# Double Integral using Polar Coordinate System

Calculate the following double integral using polar coordinates: $$\iint_{D}^{}\frac{dxdy}{1+x^{2}+y^{2}}$$

$$D = \left \{(x,y) | 0\leq y\leq \sqrt{1-x^{2}} \right \}$$

I have started solving but pretty sure I have mistakes.

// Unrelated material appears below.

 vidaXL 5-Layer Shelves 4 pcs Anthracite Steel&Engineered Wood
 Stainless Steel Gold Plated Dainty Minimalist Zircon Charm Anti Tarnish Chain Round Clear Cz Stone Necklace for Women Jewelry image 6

The region is: And I know that:

$$x=r\cdot cos(\theta )$$

and

$$y=r\cdot sin(\theta )$$

also

$$x^{2}+y^{2}=r^{2}$$

From the region it is clear that

$$0\leq r\leq 1$$

and

$$0\leq \theta \leq \pi$$

so I thought (and probably wrong):

$$\iint_{}^{}\frac{1}{1+r^{2}}drd\theta =\theta \cdot arctan(\theta )$$

• The Jacobian is $r \ dr \ d\theta.$ Jan 14, 2022 at 12:22

You found the bounds correctly but you missed the Jacobian $$r$$. Note that $$dx ~ dy = r ~ dr ~ d\theta ~$$ as you change from cartesian coordinates to polar coordinates with $$x = r \cos\theta, y = r \sin\theta$$.
Also it is definite integral with $$~0 \leq \theta \leq \pi~$$. So the final answer cannot be a function of $$\theta$$. You made some mistake in integral too.
$$\displaystyle \int_0^{\pi} \int_0^1 \frac{r}{1+r^2} ~ dr ~ d\theta = \int_0^{\pi} \frac 12 \left[\ln(r^2 + 1)\right]_0^1 ~ d\theta$$
$$\displaystyle = \frac {\pi}{2} \cdot \ln2$$